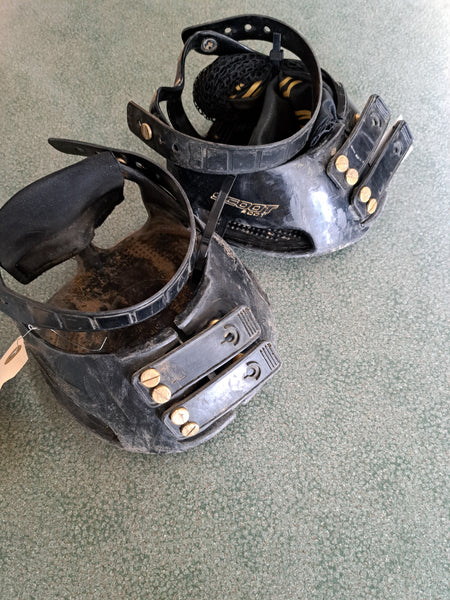 Scoot Boot Classic Pair Size 5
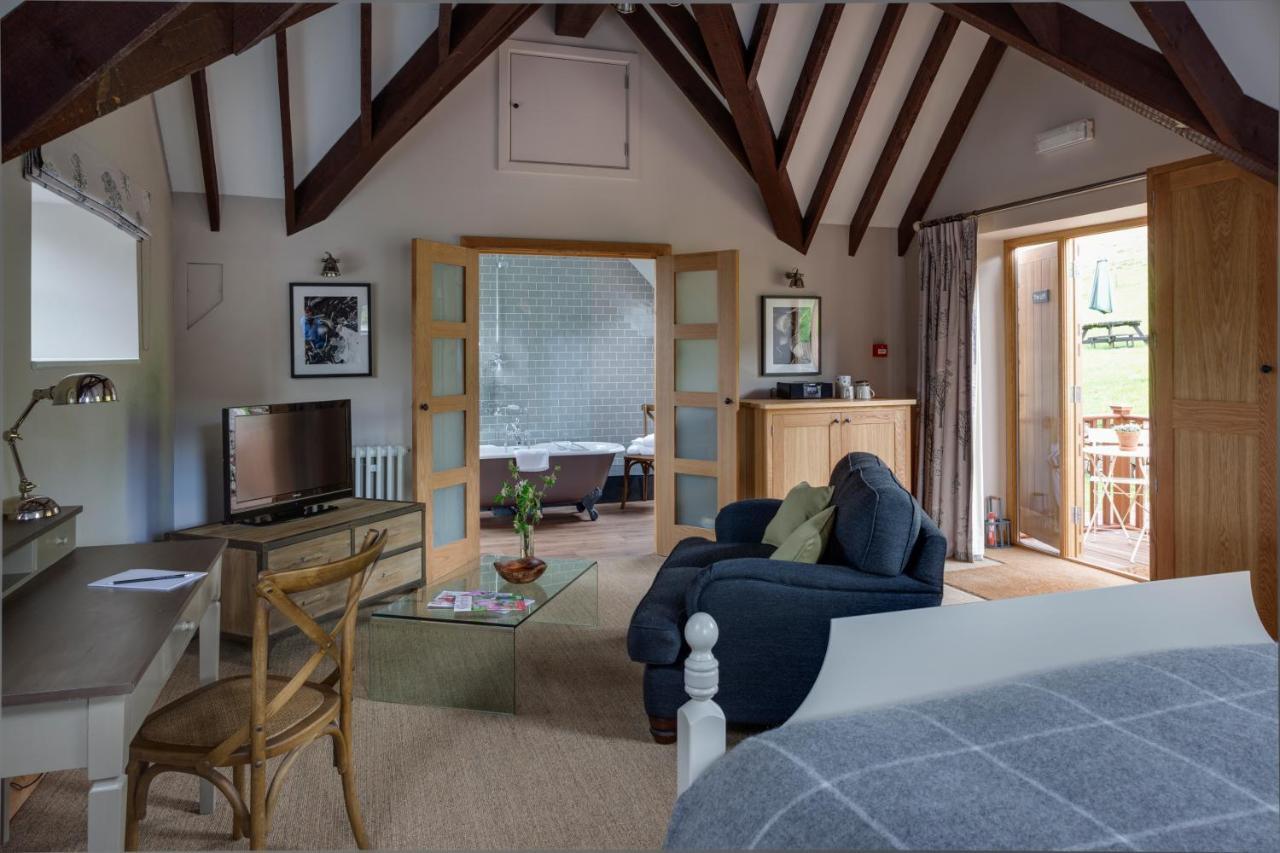 Tudor Farmhouse Hotel Clearwell Oda fotoğraf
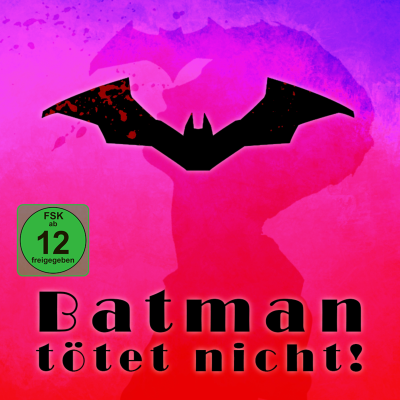 episode Batman tötet nicht artwork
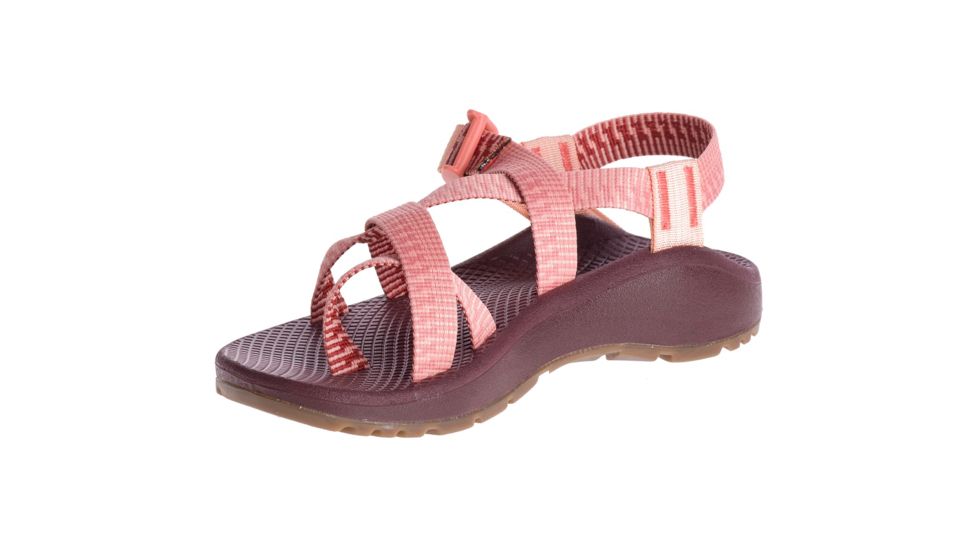 Chaco Z Cloud 2 Sandal - Women's, Testla Peach, 12 US J106618-12.0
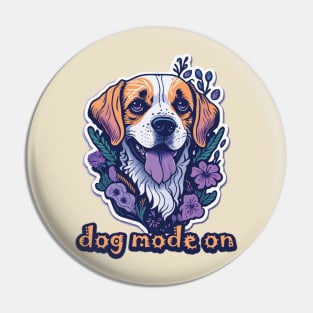 Dog Mode On Pin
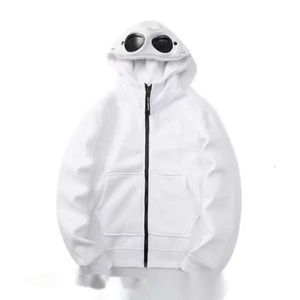 Sweat-shirts à capuche pour hommes Compagnie Cp Hoodies Cp Round Lenssweater Cp Compagnie Cp Jacket Sudadera Sweater Zipper Fleece Cp Compagny 397
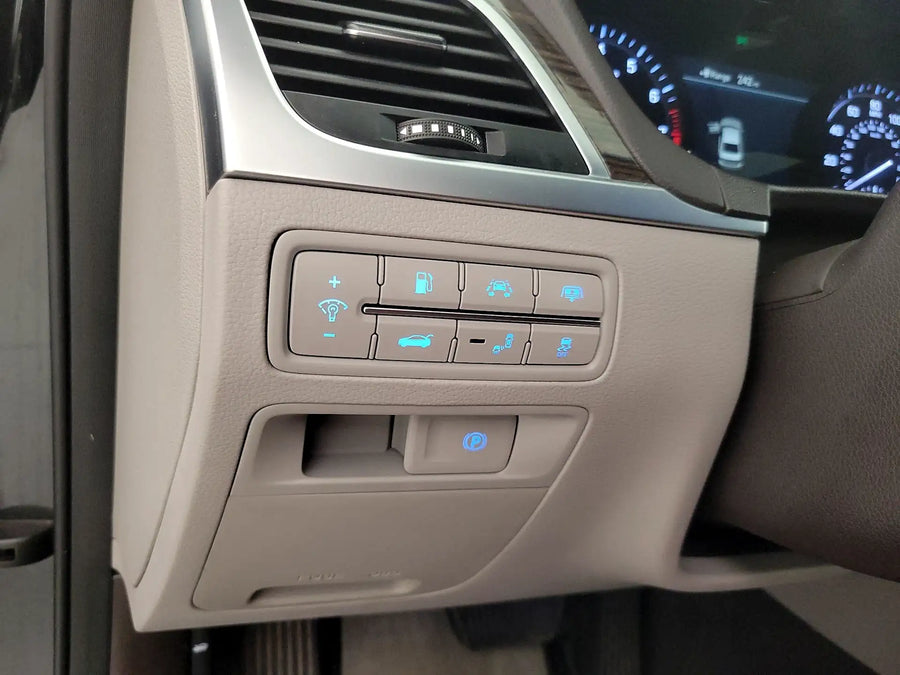 2018 G80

──────

Would you give again, exactly, the lines in the data above that run from the line containing "Tudor Farmhouse Hotel Clearwell Oda fotoğraf" to the line containing "Dog Mode On Pin"? Include both ends and no pictures.

 Tudor Farmhouse Hotel Clearwell Oda fotoğraf
 episode Batman tötet nicht artwork
 Chaco Z Cloud 2 Sandal - Women's, Testla Peach, 12 US J106618-12.0
 Dog Mode On Pin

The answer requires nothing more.